Lemma 23.7.2. Assumption and notation as in Lemma 23.7.1. Suppose $S = H_0(A)$ is isomorphic to $R[x_1, \ldots , x_ n]/(f_1, \ldots , f_ m)$ for some $n$, $m$, and $f_ j \in R[x_1, \ldots , x_ n]$. Moreover, suppose given a relation

$\sum r_ j f_ j = 0$

with $r_ j \in R[x_1, \ldots , x_ n]$. Choose $r'_ j, f'_ j \in R'[x_1, \ldots , x_ n]$ lifting $r_ j, f_ j$. Write $\sum r'_ j f'_ j = gf$ for some $g \in R/I[x_1, \ldots , x_ n]$. If $H_1(A) = 0$ and all the coefficients of each $r_ j$ are in $I$, then there exists an element $\xi \in H_2(A/IA)$ such that $\theta (\xi ) = g$ in $S/IS$.

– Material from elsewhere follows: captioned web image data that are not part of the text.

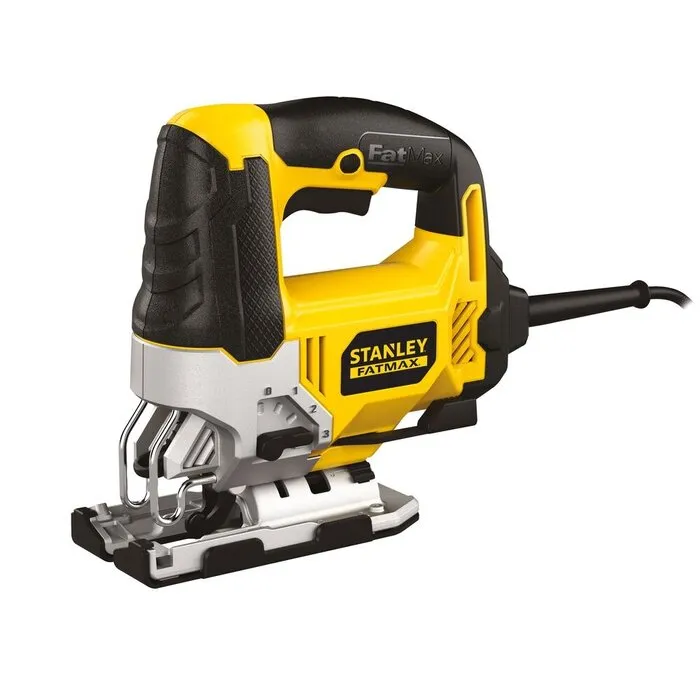 Stanley Stanley FME340K-QS Decoupeerzaag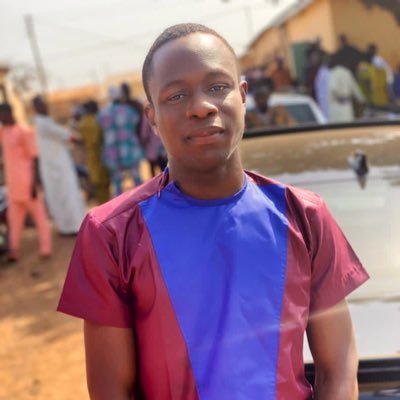 I am a political science student and I always engaged many people in the political arena 🧠🧠💥💥💪🏿👑❤️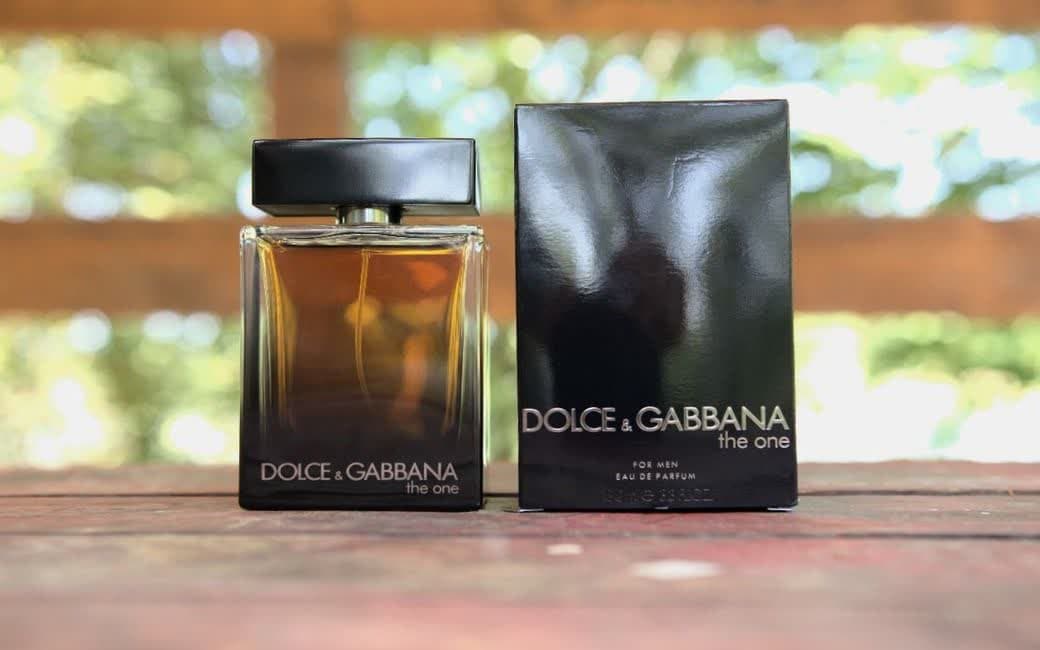 قیمت و خرید عطر دولچه گابانا د وان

Proof. Let $A(0) \subset A(1) \subset A(2) \subset \ldots$ be the filtration of $A$ such that $A(m)$ is gotten from $A(m - 1)$ by adjoining divided power variables of degree $m$. Then $A(0)$ is a polynomial algebra over $R$ equipped with an $R$-algebra surjection $A(0) \to S$. Thus we can choose a map

$\varphi : R[x_1, \ldots , x_ n] \to A(0)$

lifting the augmentations to $S$. Next, $A(1) = A(0)\langle T_1, \ldots , T_ t \rangle$ for some divided power variables $T_ i$ of degree $1$. Since $H_0(A) = S$ we can pick $\xi _ j \in \sum A(0)T_ i$ with $\text{d}(\xi _ j) = \varphi (f_ j)$. Then

$\text{d}\left(\sum \varphi (r_ j) \xi _ j\right) = \sum \varphi (r_ j) \varphi (f_ j) = \sum \varphi (r_ jf_ j) = 0$

Since $H_1(A) = 0$ we can pick $\xi \in A_2$ with $\text{d}(\xi ) = \sum \varphi (r_ j) \xi _ j$. If the coefficients of $r_ j$ are in $I$, then the same is true for $\varphi (r_ j)$. In this case $\text{d}(\xi )$ dies in $A_1/IA_1$ and hence $\xi$ defines a class in $H_2(A/IA)$.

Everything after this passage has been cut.